Study design and ethics
This feasibility study was an observational cohort study. Data protection and ethical approval were obtained from two institutional ethics review boards, Singapore Institute of Technology (reference number: 2019129) and Queen Margaret University (reference number: REP0197). This study conforms with the CONSORT extension to randomised pilot and feasibility trials, excluding specific items required for randomisation nature of the study [26] (Additional File 1).
Participants and Setting
Poster advertisement was circulated to the network of older adults engaged by Singapore Institute of Technology (SIT) for school assignments, residents’ network centres and various clinical partners across Singapore.
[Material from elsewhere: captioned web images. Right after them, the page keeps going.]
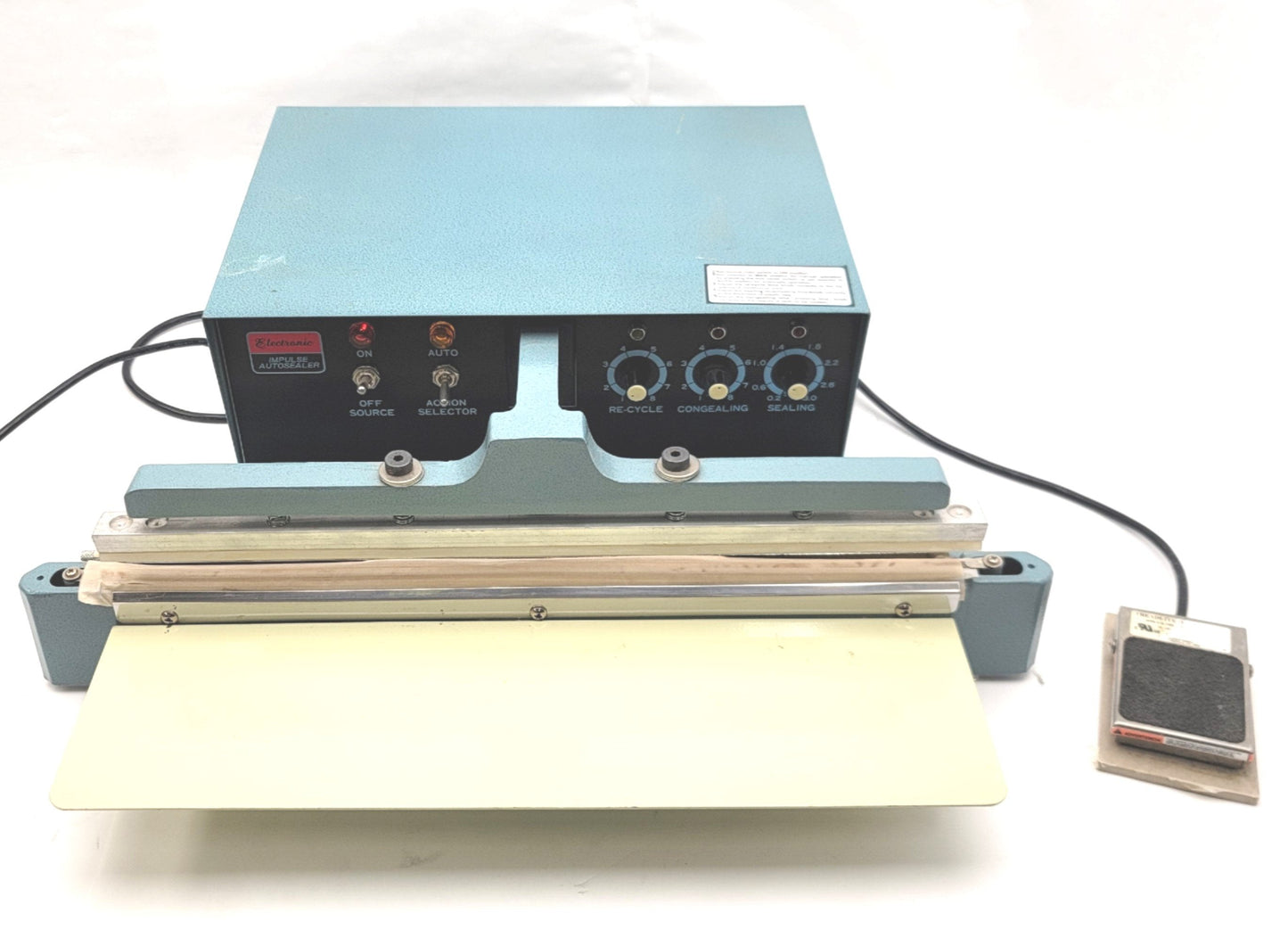 Used TEW TISA-455 Semi-Automatic Impulse Heat Sealer, 450mm x 5mm Band, 120VAC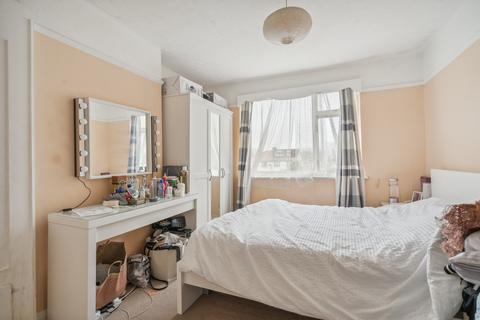 3 bedroom semi-detached house for sale, Woodberry Avenue, North Harrow, HA2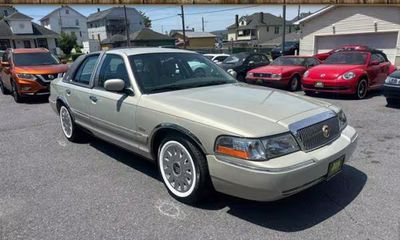 2004 Mercury Grand Marquis GS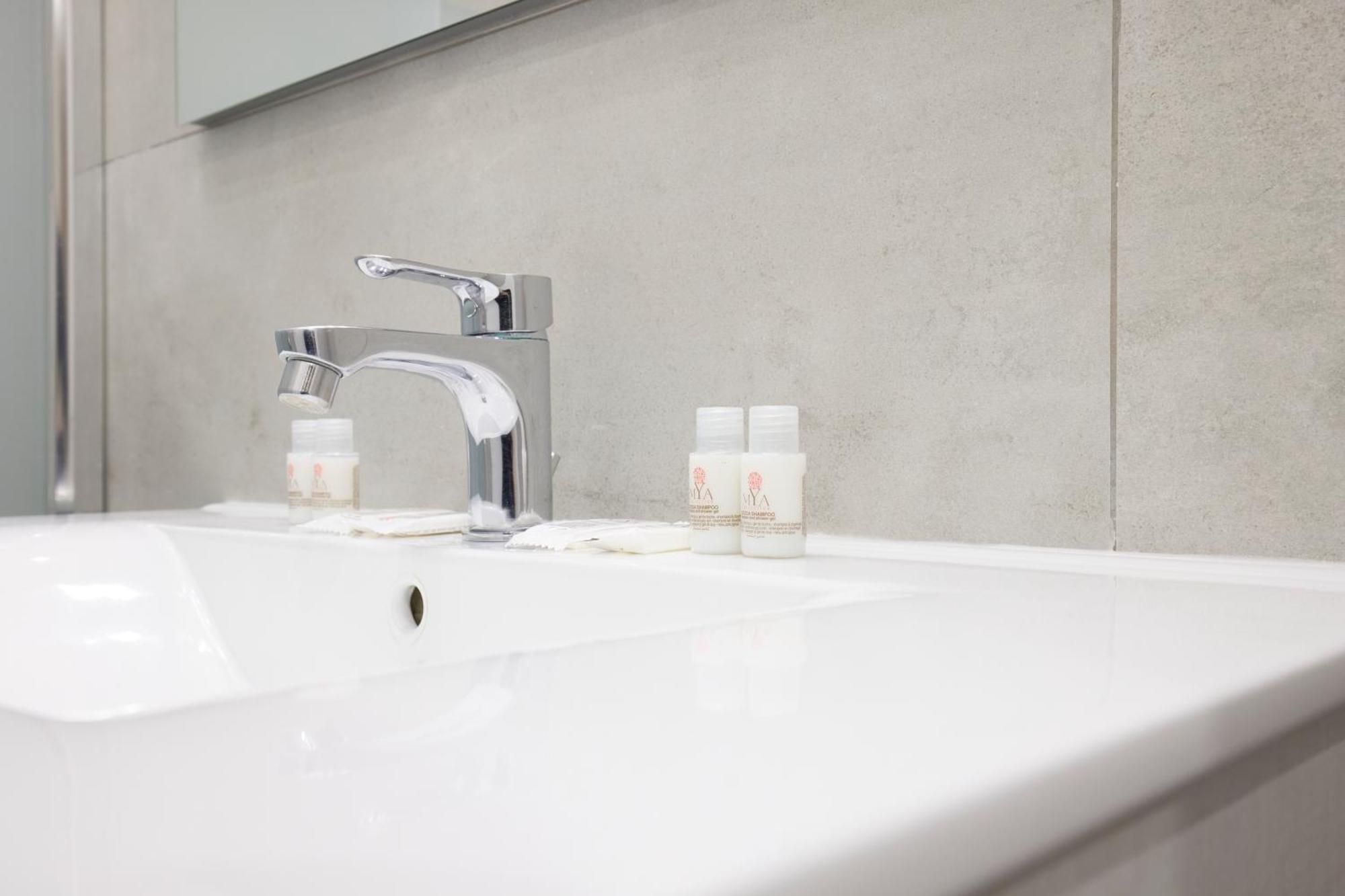 First Moon-Emme Loft Apartment Milan Luaran gambar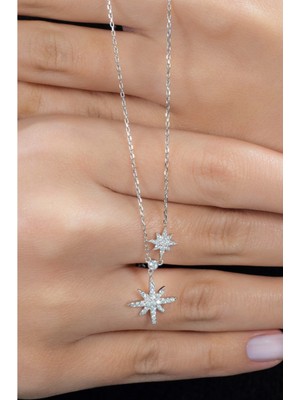 Normadia Şık Çift Yıldızlı Zirkon Taşlı Gümüş Kolye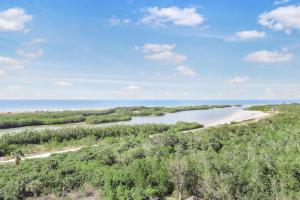 Beachfront condo with views of beach, pool and grill - Ubytování bez kategorie ve městě Marco Island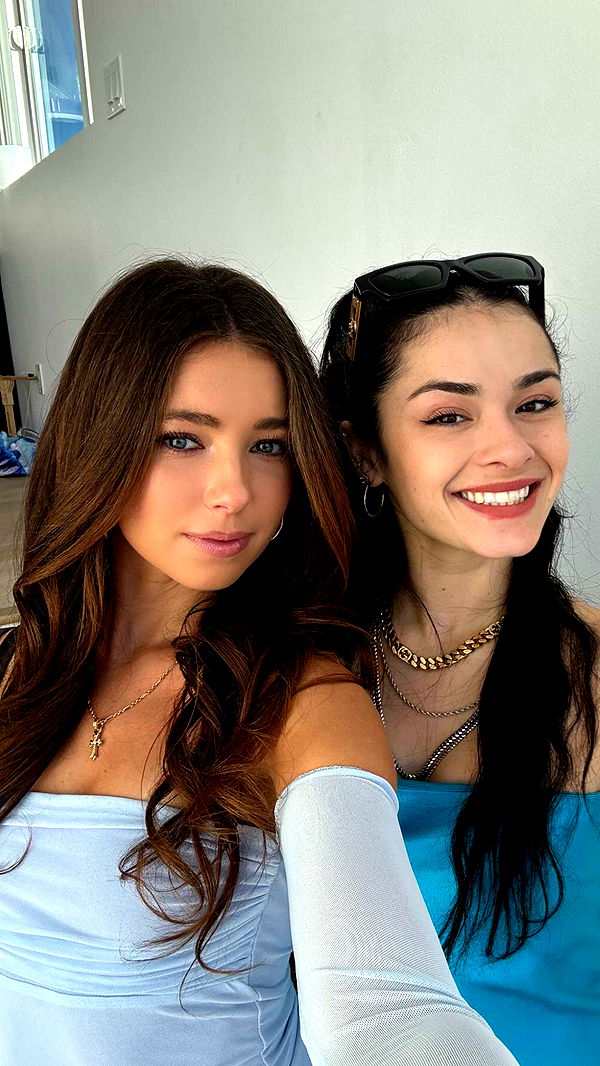 chloerosenbaum image ~ Altpins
Between September and October 2019, interested older adults contacted the researcher through the contact details listed in the posters or given through word-of-mouth recommendations. They were asked by a researcher whether they were aged 65 years or older, living in the community and were able to read, write and communicate in English before a meeting was arranged at SIT or an agreed location in Singapore. During the meeting, they were provided study information, e.g. how the study would be conducted, what will be expected of them, the study’s eligibility criteria (Table 1). They were informed that participation would be voluntary. If they did not meet the eligibility criteria, they were given general information about falls prevention. An opportunity to ask questions was offered, and the consent form was completed if they agree to participate. In line with good practice, participants were given SGD$50 as a thank you for taking part, reimbursing them for their time, contribution and any expenses incurred, e.g. sim-card cost, travelling cost. This was not used to induce participation in the study.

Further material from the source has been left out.